But while the corruption chain in Kenya is intertwined with a narrative of individuals and cartels looting public money, the responsibility of this major financial industry player is often ignored or downplayed.

The scams have largely featured procurement anomalies and unusually huge financial transactions in banks, through which public money is siphoned.

The banking industry is guided by key pillars meant to guard against illicit financial transactions. The Anti-Money Laundering and Counterfeit Financing of Terrorism (AML/CFT) law, for instance, mandates banks to perform requisite due diligence checks prior to establishing bank accounts for customers. This enables them to monitor account transactions and keep records of their operations.

Financial transactions that are uncommon to a bank customer’s profile need to be reported to the Financial Reporting Centre (FRC).

With such a seemingly well-structured institutional governance system in place, the question lingers why there are numerous unusual and illicit financial transactions processed by Kenyan banks.

Glaringly unusual dealings through the banking industry have brought to light the salient truth of the banks’ (un)willing complicity in the looting of public funds, which is actualised in an apparently enabling financial environment that incubates this norm. Queries, demands and warnings from the Central Bank of Kenya have done little to prevent systemic enablement of illicit financial flows within the institutions.

A 2015 report by the Global Witness states that, while most countries have the relevant laws and regulations, a large number of banks do not uphold them and are driven by profit-making demands without accountability.

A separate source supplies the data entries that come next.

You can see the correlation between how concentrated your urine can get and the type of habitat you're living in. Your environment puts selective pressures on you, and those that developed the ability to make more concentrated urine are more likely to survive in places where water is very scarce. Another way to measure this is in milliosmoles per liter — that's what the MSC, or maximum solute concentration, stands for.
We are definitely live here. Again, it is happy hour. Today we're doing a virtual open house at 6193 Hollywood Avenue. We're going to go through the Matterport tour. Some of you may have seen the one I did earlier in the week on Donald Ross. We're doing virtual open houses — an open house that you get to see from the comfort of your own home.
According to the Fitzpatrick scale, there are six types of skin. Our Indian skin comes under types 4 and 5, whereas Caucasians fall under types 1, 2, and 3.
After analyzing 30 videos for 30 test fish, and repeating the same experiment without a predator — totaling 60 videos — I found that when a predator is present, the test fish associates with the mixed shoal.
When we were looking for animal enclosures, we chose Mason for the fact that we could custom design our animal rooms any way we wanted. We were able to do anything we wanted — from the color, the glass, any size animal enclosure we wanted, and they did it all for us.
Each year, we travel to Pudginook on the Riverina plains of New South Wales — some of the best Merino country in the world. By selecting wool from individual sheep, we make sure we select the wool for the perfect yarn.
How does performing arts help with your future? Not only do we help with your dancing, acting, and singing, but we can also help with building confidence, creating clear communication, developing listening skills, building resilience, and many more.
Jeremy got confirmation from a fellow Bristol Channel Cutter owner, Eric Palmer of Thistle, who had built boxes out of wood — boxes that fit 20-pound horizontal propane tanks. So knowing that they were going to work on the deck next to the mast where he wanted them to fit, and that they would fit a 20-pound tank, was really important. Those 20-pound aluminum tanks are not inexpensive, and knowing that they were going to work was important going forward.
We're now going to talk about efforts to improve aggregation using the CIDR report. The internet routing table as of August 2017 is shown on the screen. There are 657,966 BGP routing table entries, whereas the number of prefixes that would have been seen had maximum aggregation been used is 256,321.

In Kenya, for instance, the Proceeds of Crime and Anti-Money Laundering Act 2009 (Pocamla) mandates the FRC to investigate and report unusual transactions within banks. Interestingly, the MPs recently amended the Banking Circular No. 1 of 2016 (additional guidelines on Large Cash Transactions) by removing the requirement that all transactions over $10,000 (Sh1 million) must have additional information on the deal first provided to banks.

Kenya’s banks and oversight agencies ought to adopt smarter and more transparent approaches in ensuring that only legitimate and accountable funds flow through the system. And multiple options exist to cure the systemic loopholes.

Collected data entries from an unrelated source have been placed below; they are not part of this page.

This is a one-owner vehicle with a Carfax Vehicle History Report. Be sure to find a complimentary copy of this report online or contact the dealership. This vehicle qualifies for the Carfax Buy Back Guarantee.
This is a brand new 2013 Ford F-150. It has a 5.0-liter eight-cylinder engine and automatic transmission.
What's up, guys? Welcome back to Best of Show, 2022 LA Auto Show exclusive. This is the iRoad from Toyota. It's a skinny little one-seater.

First, the FRC needs to be accountable and update the public on a regular basis the number of reported cases of unusual cash flows in the banking sector and the outcome of their investigations.

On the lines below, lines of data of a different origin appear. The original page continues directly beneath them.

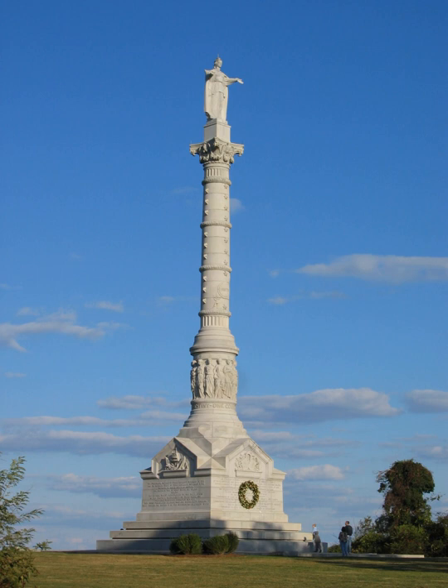Colonial National Monument was authorized on July 3, 1930, and established on December 30, 1930. On June 5, 1936, it was redesignated a National Historical Park. The cemetery at Yorktown was transferred from the War Department to the National Park Service on August 10, 1933.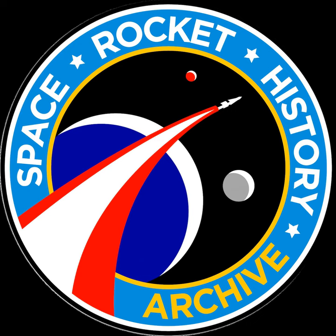Hello listeners, this is Mike, your host. If you are enjoying these archive episodes, please consider supporting the podcast by going to the homepage spacerockethistory.com and clicking on the orange donate button or the Patreon link. Hopefully, with your support, I can continue to release these archive episodes. Thanks.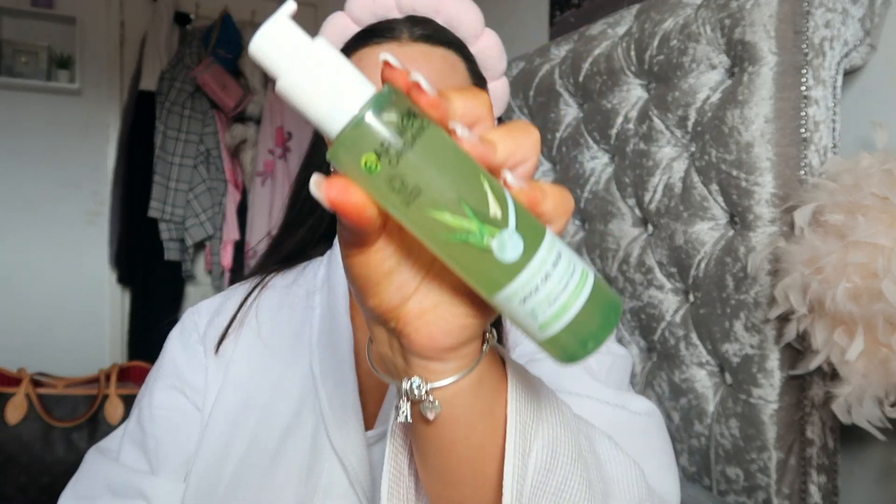I always start off with some skincare. I have washed and dried my face using the Garnier face wash - I've got a spare one here because I'd rather show you than try and describe it. This is the face wash I use; it's for combination skin and I absolutely love it. So obviously I've washed my face, and now I go in with some skincare - my L'Oreal products.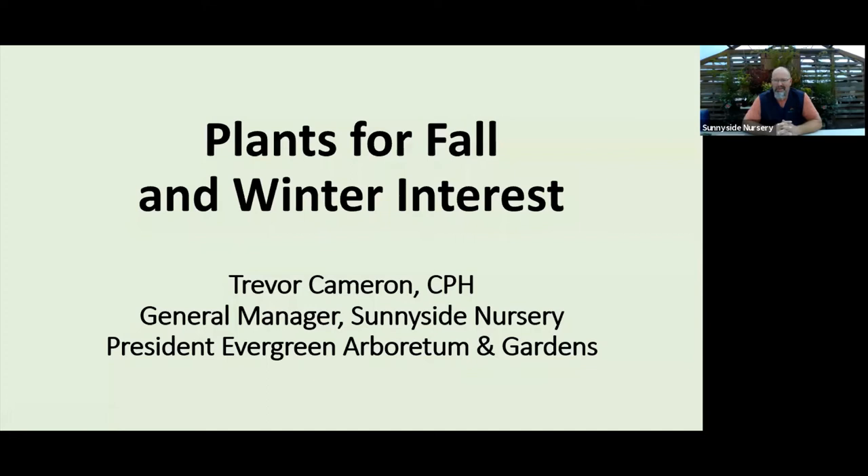All right, I think it's about time — the 10 o'clock whistle just went off. Thanks everybody for joining us. Hopefully you can hear me well. It is raining sideways up here in Marysville — welcome to fall! I'm Trevor Cameron, general manager here at Sunnyside. We're going to talk about plants for fall and winter today. Say hi to Nicole; she'll be in the office managing all the chat and questions. We've got a fall/winter interest plant list on the website.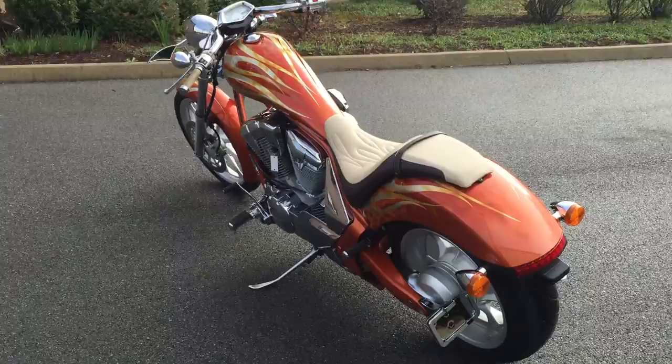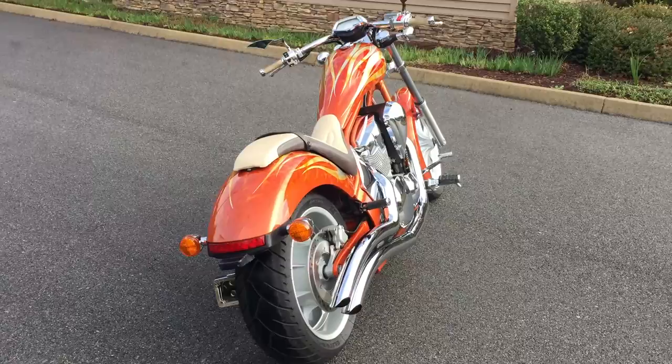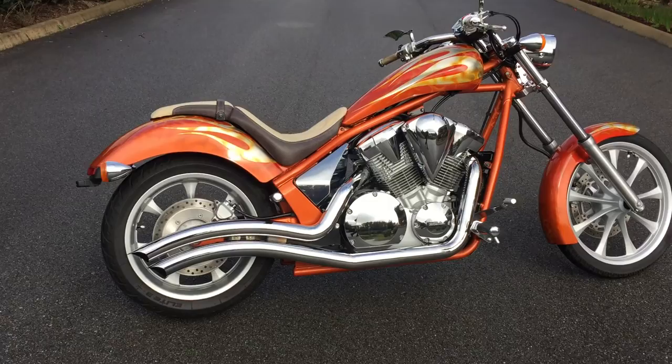It is the epitome of a stretched out chopper type cruiser with today's modern technology. It is a shaft drive machine and you can see it has the down swept exhaust, which gives it a very aggressive look.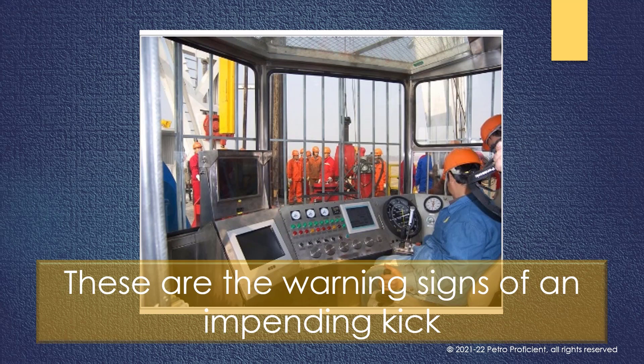These are the warning signs of an impending kick. Not all the signs will necessarily be observed by the crew in one instance. The crew should always be observant and alert.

Secondly, banks should enhance due diligence checks to enabling high scrutiny of accounts held by public officers and politically exposed persons who execute public budgets and individuals whose main business is supplying goods and services to the government.

Lastly, the Kenyan banking industry ought to increase monetary sanctions and fines on financial institutions that allow illicit public funds to flow through their system.